Evelyn Wang, head of the mechanical engineering department at MIT, says that it took a team of researchers four years to devise an aerogel that transmits 95% of visible light while maintaining its high insulating properties. The result is an aerogel so transparent it is nearly invisible.

The key was finding the correct mix of catalysts and silica materials to create the aerogel and then drying it properly. What’s left is a matrix that is mostly air but retains the original mixture’s strength. Drying out the mixture much faster than is normal with conventional aerogels produced a gel with smaller pore spaces between its grains which led to far less light being scattered inside the gel.

Graduate student Lin Zhao describes the basic function of the aerogel layer as “like a greenhouse effect. The material we use to increase the temperature acts like the Earth’s atmosphere does to provide insulation, but this is an extreme example of it.”

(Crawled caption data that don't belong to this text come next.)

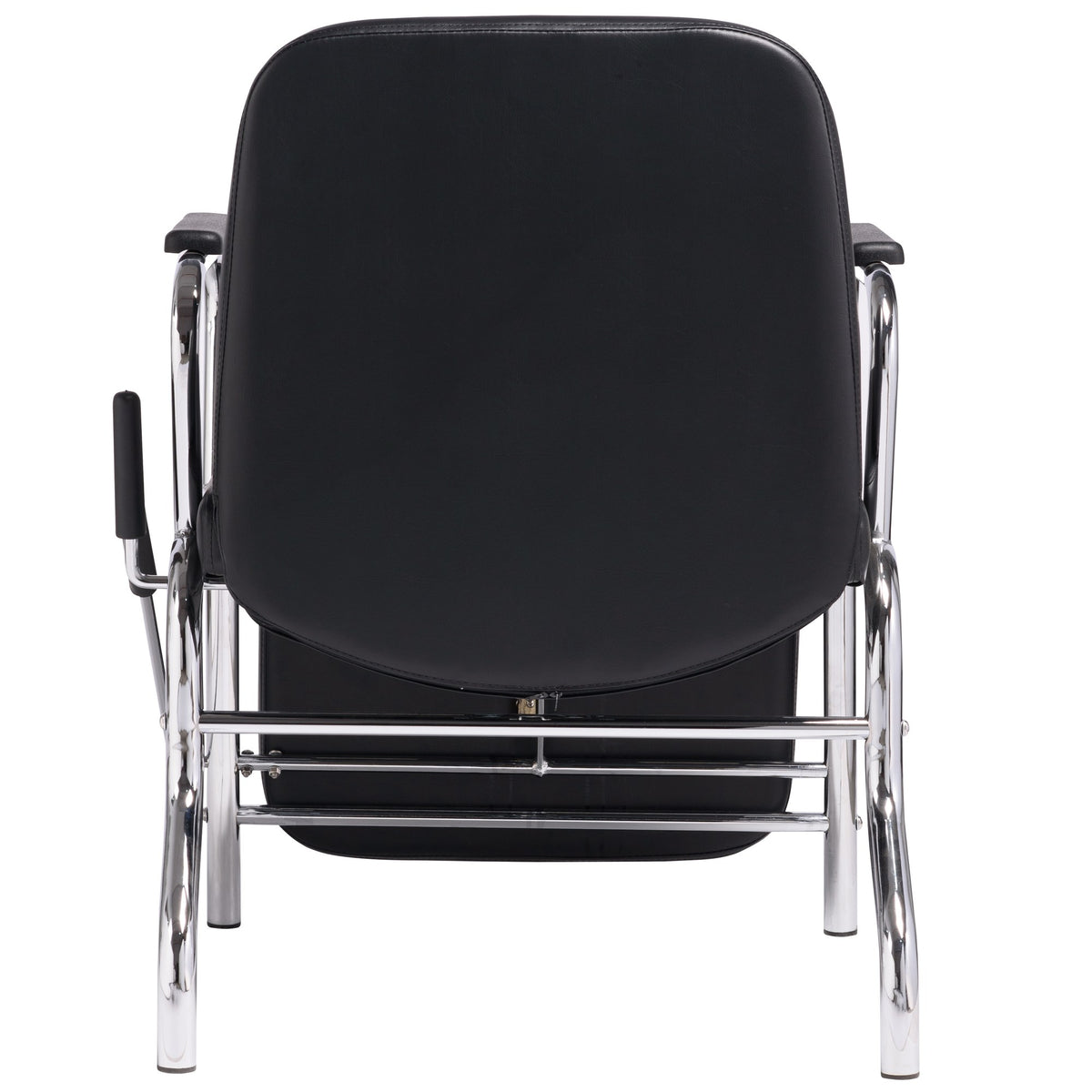 Shampoo Chair CP020 - Reclining, Chrome Frame - view 5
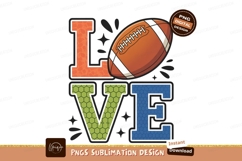 Love football sport american Product Image 1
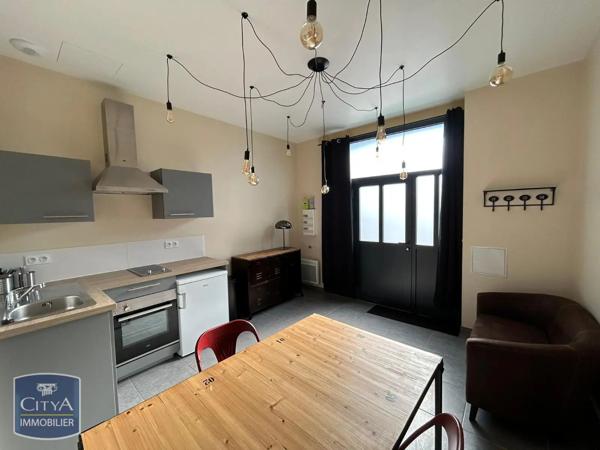 Appartement à louer 2 pièces 26.98m² Laval (53000)
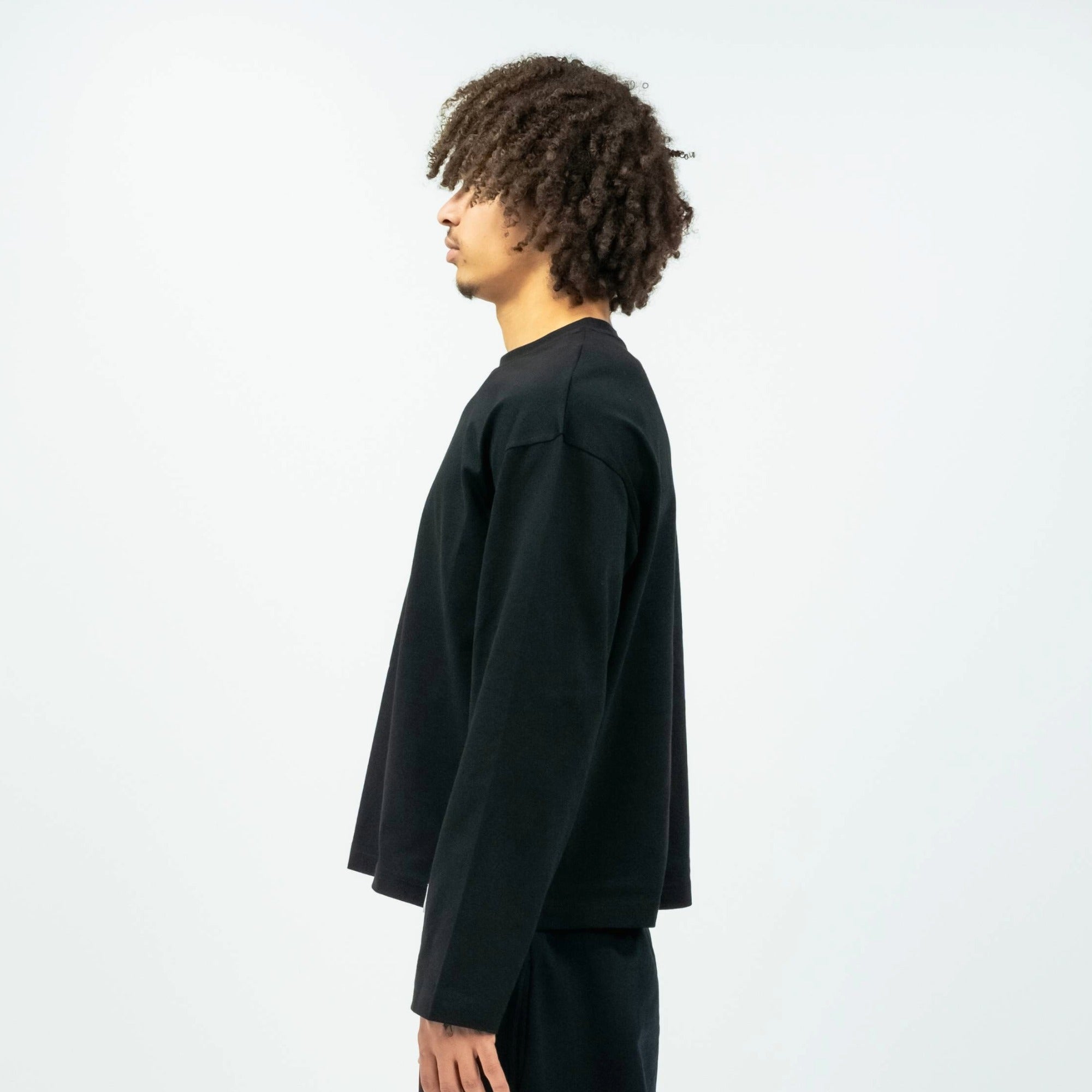 Longsleeve - Schwarz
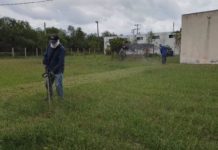 Realizan mantenimiento en instalaciones de Asilo Quietud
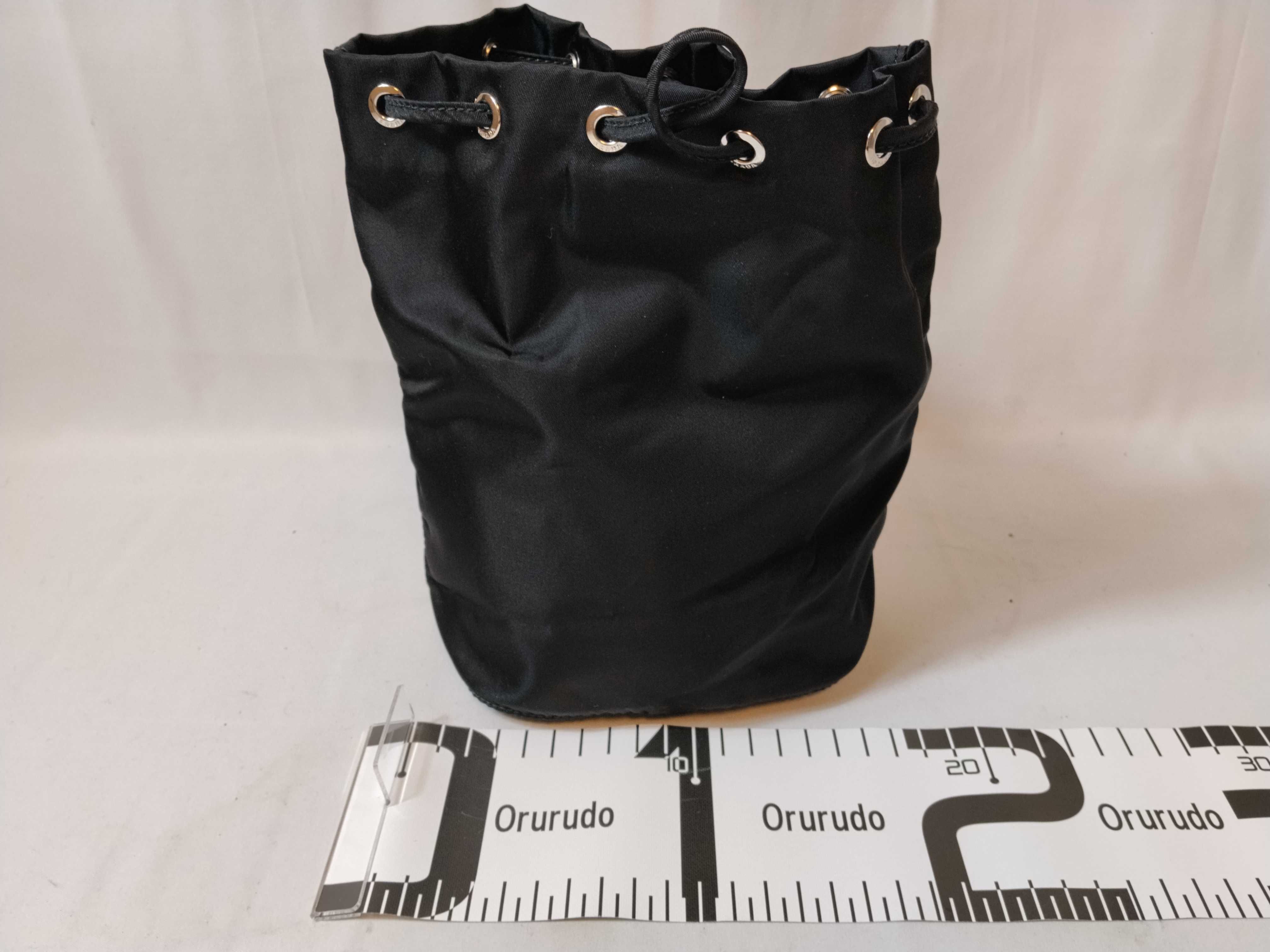 Nylon Drawstring Pouch Bag — view 2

Solar collectors using the new aerogel technology could replace conventional solar hot water heaters with a less costly alternative. They could also be used to heat residential and commercial buildings at lower cost than traditional heating equipment. Because the aerogels can create temperatures of 200º C and more, there are numerous potential applications in industry and agriculture as well.

The materials needed are inexpensive. The principal cost of making the aerogel in commercial quantities is the drying process, which requires a specialized device called a critical point dryer to allow for a very precise process that extracts the solvents from the gel while preserving its nanoscale structure.

Professor Wang explains that the drying phase is done batch by batch and is not adaptable to the continuous roll to roll process commonly used in industrial applications. “The key to scaleup is how we can reduce the cost of that process,” she says. A preliminary economic analysis shows the system can be economically viable for some uses, especially in comparison with conventional systems that use glass surfaces bonded to a substrate with a vacuum in between.

Like all laboratory breakthroughs, this one may yet be years away from commercial scale manufacturing. But the promise of virtually free heat from sunlight could be an important adjunct to the quest to decarbonize the built environment. Building heating consumes enormous quantities of fossil fuels. Virtually free zero emissions heat from the sun could be the greatest thing since solar panels.